Recreational Craft Sector
The recreational craft sector refers to boats with a hull length of 2.5m to 24m that are intended for leisure or sport use. It includes the internal market legislation these products must comply with, so they can be sold freely on the EU/EEA market.
Recreational craft are high-value and very mobile products, intended mainly for end users. They have a long life-cycle, which means they are on the market for a long time. The market is predominantly based on builder-to-consumer and consumer-to-consumer relations.

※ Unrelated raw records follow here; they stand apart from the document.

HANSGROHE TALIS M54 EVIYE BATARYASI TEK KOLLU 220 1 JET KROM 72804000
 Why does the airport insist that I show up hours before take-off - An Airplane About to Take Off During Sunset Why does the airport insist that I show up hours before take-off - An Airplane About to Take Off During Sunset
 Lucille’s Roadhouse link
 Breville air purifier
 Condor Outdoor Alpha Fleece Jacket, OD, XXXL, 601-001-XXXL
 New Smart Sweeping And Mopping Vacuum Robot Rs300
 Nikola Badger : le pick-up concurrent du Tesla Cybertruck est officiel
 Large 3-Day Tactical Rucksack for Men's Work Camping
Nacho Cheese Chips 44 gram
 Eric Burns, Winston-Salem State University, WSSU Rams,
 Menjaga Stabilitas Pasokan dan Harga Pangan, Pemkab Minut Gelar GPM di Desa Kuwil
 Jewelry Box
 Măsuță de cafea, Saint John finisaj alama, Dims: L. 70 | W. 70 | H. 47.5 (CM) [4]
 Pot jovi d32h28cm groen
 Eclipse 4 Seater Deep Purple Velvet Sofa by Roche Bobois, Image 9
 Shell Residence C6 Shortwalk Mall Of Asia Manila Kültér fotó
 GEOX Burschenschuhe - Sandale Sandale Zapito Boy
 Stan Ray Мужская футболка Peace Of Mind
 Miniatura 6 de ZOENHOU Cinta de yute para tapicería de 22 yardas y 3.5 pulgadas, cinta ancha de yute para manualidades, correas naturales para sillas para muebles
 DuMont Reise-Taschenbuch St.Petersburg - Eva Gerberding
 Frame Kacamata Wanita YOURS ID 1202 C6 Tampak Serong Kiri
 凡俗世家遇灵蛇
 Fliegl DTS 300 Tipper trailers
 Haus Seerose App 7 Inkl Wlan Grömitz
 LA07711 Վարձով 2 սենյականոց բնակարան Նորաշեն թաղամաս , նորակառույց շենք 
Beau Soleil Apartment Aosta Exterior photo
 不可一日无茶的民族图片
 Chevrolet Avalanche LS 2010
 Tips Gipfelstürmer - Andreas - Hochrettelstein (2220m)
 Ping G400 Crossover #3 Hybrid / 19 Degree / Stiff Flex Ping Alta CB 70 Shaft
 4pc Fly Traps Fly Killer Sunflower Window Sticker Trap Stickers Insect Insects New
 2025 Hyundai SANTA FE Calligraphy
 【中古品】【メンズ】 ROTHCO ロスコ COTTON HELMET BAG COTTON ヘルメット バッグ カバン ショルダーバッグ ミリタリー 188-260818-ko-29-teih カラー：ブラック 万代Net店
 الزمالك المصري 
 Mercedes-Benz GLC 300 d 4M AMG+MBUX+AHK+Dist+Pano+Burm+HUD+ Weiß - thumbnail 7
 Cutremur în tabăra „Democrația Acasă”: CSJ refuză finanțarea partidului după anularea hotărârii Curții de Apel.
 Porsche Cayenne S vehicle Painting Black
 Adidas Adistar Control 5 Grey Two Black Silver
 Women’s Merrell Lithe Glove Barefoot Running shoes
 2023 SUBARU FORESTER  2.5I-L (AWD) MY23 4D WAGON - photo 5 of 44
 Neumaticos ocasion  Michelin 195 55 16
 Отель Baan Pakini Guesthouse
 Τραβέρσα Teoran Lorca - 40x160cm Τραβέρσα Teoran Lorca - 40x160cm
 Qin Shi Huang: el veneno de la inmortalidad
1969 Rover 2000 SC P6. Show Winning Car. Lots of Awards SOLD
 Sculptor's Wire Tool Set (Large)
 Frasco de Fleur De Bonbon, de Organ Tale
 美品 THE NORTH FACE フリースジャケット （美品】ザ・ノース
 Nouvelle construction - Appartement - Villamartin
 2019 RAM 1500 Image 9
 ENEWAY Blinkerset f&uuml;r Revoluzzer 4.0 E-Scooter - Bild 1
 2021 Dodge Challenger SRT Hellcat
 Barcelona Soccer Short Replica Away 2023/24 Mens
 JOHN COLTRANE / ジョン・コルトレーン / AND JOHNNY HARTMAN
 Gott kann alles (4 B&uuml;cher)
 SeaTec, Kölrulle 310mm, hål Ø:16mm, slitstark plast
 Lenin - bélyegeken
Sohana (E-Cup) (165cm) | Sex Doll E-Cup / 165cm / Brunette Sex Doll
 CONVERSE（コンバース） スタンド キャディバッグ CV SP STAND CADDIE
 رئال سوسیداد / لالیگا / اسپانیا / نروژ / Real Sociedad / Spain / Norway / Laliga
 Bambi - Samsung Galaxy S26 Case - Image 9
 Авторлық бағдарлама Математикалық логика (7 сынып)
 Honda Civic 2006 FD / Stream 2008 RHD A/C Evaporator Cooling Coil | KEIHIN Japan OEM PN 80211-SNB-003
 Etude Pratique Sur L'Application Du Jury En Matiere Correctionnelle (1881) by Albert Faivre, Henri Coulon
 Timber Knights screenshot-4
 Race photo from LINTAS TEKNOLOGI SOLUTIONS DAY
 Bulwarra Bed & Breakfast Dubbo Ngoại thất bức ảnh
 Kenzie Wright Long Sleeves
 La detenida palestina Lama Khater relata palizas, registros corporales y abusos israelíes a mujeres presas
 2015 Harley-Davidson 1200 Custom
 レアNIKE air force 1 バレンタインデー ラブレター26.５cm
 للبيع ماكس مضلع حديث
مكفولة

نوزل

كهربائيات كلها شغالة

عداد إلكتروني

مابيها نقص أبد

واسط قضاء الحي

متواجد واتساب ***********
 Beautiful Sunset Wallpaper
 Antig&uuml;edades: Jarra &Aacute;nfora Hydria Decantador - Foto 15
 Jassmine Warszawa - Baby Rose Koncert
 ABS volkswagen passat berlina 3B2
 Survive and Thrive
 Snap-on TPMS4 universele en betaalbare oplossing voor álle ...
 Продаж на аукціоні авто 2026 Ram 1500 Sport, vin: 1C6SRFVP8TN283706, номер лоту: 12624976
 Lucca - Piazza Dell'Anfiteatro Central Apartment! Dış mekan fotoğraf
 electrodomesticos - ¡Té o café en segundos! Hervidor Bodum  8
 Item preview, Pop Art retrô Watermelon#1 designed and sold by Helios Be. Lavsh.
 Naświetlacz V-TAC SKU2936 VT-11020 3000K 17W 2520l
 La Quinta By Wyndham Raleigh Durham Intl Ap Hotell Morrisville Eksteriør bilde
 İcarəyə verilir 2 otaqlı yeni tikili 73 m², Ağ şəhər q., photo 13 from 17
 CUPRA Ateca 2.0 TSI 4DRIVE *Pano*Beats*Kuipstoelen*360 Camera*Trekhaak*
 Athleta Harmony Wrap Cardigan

Importance of the Recreational Craft Sector
The Recreational Craft industry is important because of its impact on the environment and its economic significance for the EU:
- The recreational craft manufacturing industry mainly consists of small and medium-sized enterprises (97% of businesses are SMEs); a few large companies (over 1 000 employees); as well as numerous 'family companies' (up to 10 people);
- The manufacturing sector accounts for 4 500 companies and 35 000 jobs;
- The sector represents approximately 32 000 businesses with at least 280 000 employees;
- It produces EUR 20 billion in annual revenue;
- The sector is dynamic and shows great potential for growth, despite a temporary downturn between 2009 and 2013.
Challenges faced by the sector
The recreational craft sector faces a number of challenges:
Unfair competition: Sectorial stakeholders have demanded the reinforcement of market surveillance to protect business against unfair competition. The responsibility for market surveillance lies with EU countries and activity has sometimes been uneven;
Need for improved regulation: The industry emphasises the need for a stable and smart regulatory environment, in line with international standards;
Environmental issues: The health of the end-user must be considered, as well as the reduction of exhaust and noise emissions;
Access to markets: Barriers to trade and other administrative obstacles to accessing international markets require attention.
What the Commission is doing
The sector is regulated at EU level to ensure its sustainable development from an economic, social and environmental perspective:
- Recreational craft sold in the EU must comply with harmonised technical safety and environmental requirements, and meet the administrative obligations defined by the Recreational Craft Directive. These safety and environmental requirements refer to the design and construction of the craft with specific limits for exhaust and noise emissions;
- The Directive also requires that the manufacturer keep a technical file of all relevant data and officially declare the conformity of his product. A CE marking must be affixed to the product and users must be provided with detailed information about safety and maintenance;
- The Commission has harmonised the different EU national legislations for recreational craft;
- The Commission has also concluded bilateral agreements with non-EU countries to facilitate the export of European-built recreational craft.